Following is the Functor of Addition Op
template<typename T>
struct AdditionFunctor<CPUDevice,T>{
void operator()(const CPUDevice& d, const T* input_a, const T* input_b, T* output_c, int N){
for(int i=0;i<N; i++){
output_c[i] = input_a[i] + input_b[i];
}
}
};
Output tensor c is summation of input tensor a and b.
Project structure
-
customAdd.cc
→ code of custom Addition op
-
custom_kernel.cu.cc
→ Specialization for the GPU device defined
-
custom_kernel.h
→ header file for customAdd op
-
customAdd.so
→ Shared library created after customAdd.cc is built
-
customAdd_test.py
→ File for checking whether customAdd op is working properly
Building the op Library
First of all, using python, we will get the header directory and the get_lib directory.
$ python
>>> import tensorflow as tf
>>> tf.sysconfig.get_include()
>>> tf.sysconfig.get_lib()
Compile
Compile with CPU Device
Run following codes to compile custom op into a dynamic library.
TF_CFLAGS=( $(python -c 'import tensorflow as tf; print(" ".join(tf.sysconfig.get_compile_flags()))') )
TF_LFLAGS=( $(python -c 'import tensorflow as tf; print(" ".join(tf.sysconfig.get_link_flags()))') )
g++ -std=c++11 -shared zero_out.cc -o zero_out.so -fPIC ${TF_CFLAGS[@]} ${TF_LFLAGS[@]} -O2
- Note on gcc version >=5: gcc uses the new C++ ABI since version 5. The binary pip packages available on the TensorFlow website are built with gcc4 that uses the older ABI. If you compile your op library with gcc>=5, add -D_GLIBCXX_USE_CXX11_ABI=0 to the command line to make the library compatible with the older abi.
Compile with GPU Device
Using CUDA kernel to implement op.
nvcc -std=c++11 -c -o cuda_op_kernel.cu.o cuda_op_kernel.cu.cc \
${TF_CFLAGS[@]} -D GOOGLE_CUDA=1 -x cu -Xcompiler -fPIC
g++ -std=c++11 -shared -o cuda_op_kernel.so cuda_op_kernel.cc \
cuda_op_kernel.cu.o ${TF_CFLAGS[@]} -fPIC -lcudart ${TF_LFLAGS[@]}
Testing through python
Compile with testing file in python code.
python customAdd_test.py
When operation is successfully done, you will see
Operation Successful!
Testing Result
Prerequisites
- Tensorflow binary
- g++
- CUDA if running with GPU Device
Project Specification
README
- A README with instructions is included with the project
- The README indicates which project is chosen.
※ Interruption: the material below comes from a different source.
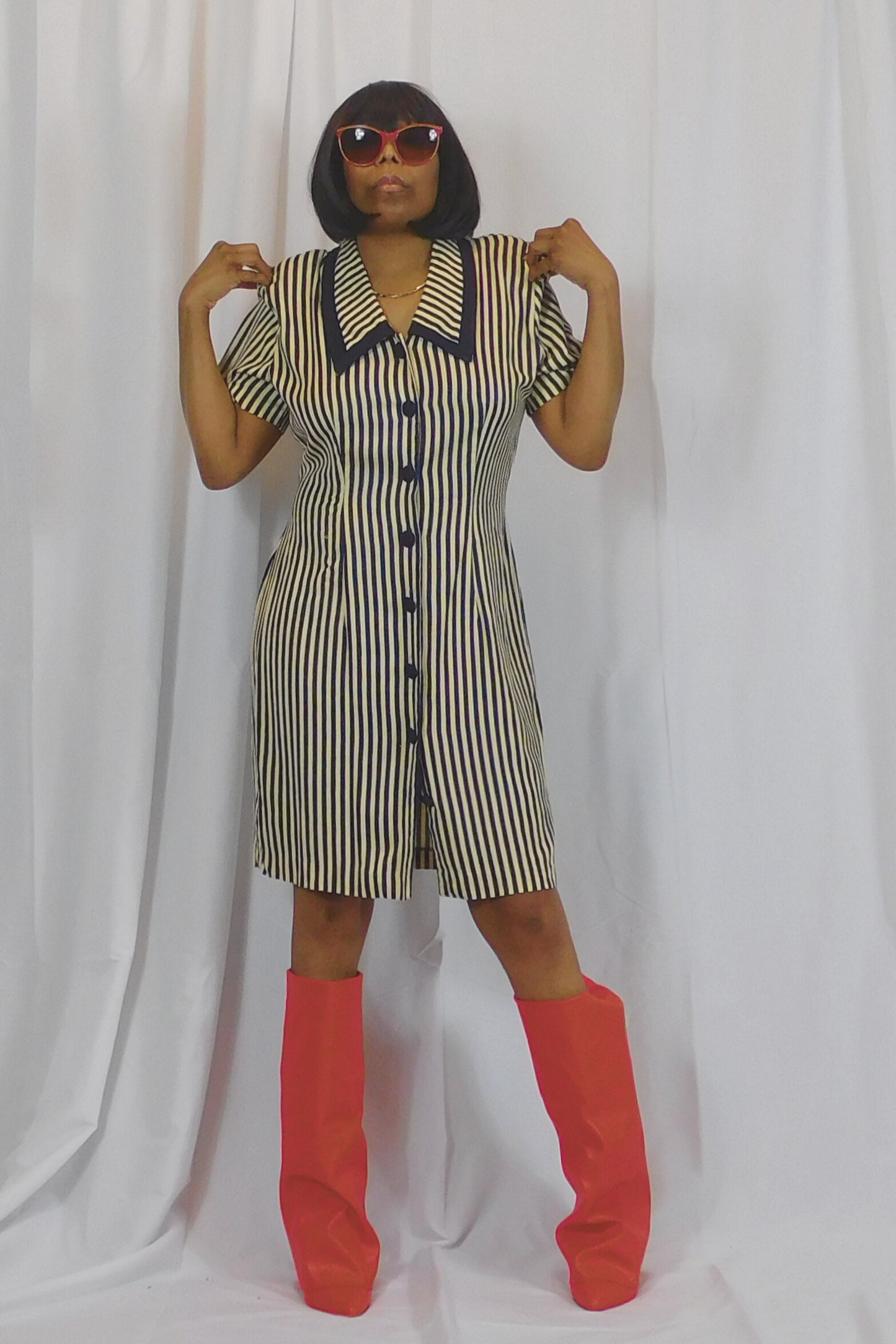 Earning My Stripes Dawn Joy Button Front Dress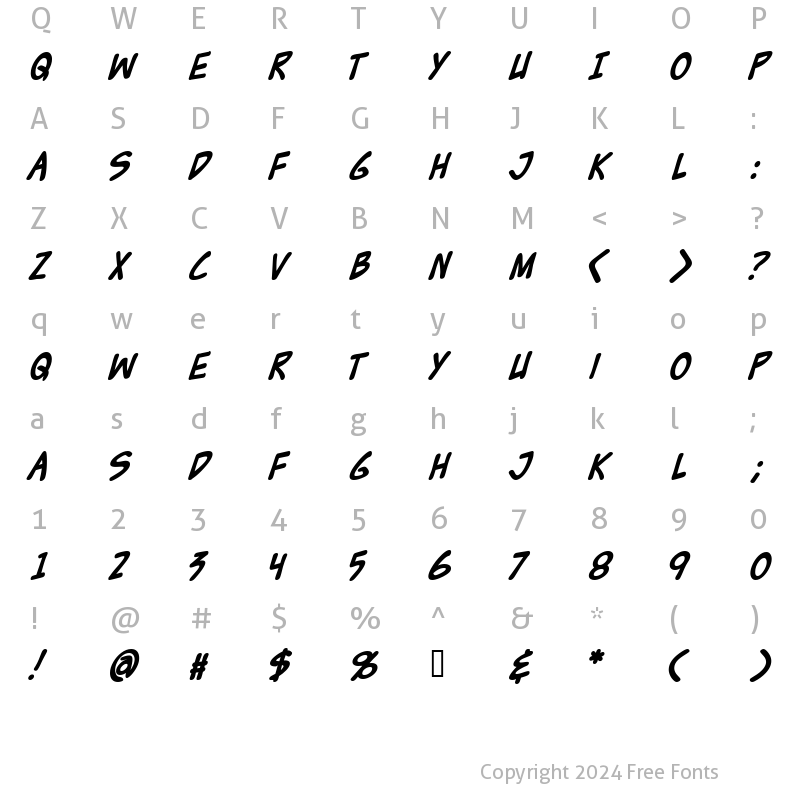 Character Map of Zud Juice Bold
- The README includes information about each rubric point addressed.
Compiling and Testing
- The submission must compile and run.
Loops, Functions, I/O
- The project demonstrates an understanding of C++ functions and control structures.
- The project reads data from a file and process the data, or the program writes data to a file.
Object Oriented Programming
- The project uses Object Oriented Programming techniques.
- Classes abstract implementation details from their interfaces.
- Classes encapsulate behavior.
- Classes follow an appropriate inheritance hierarchy.
- Overloaded functions allow the same function to operate on different parameters.
- Derived class functions override virtual base class functions.
- Templates generalize functions in the project.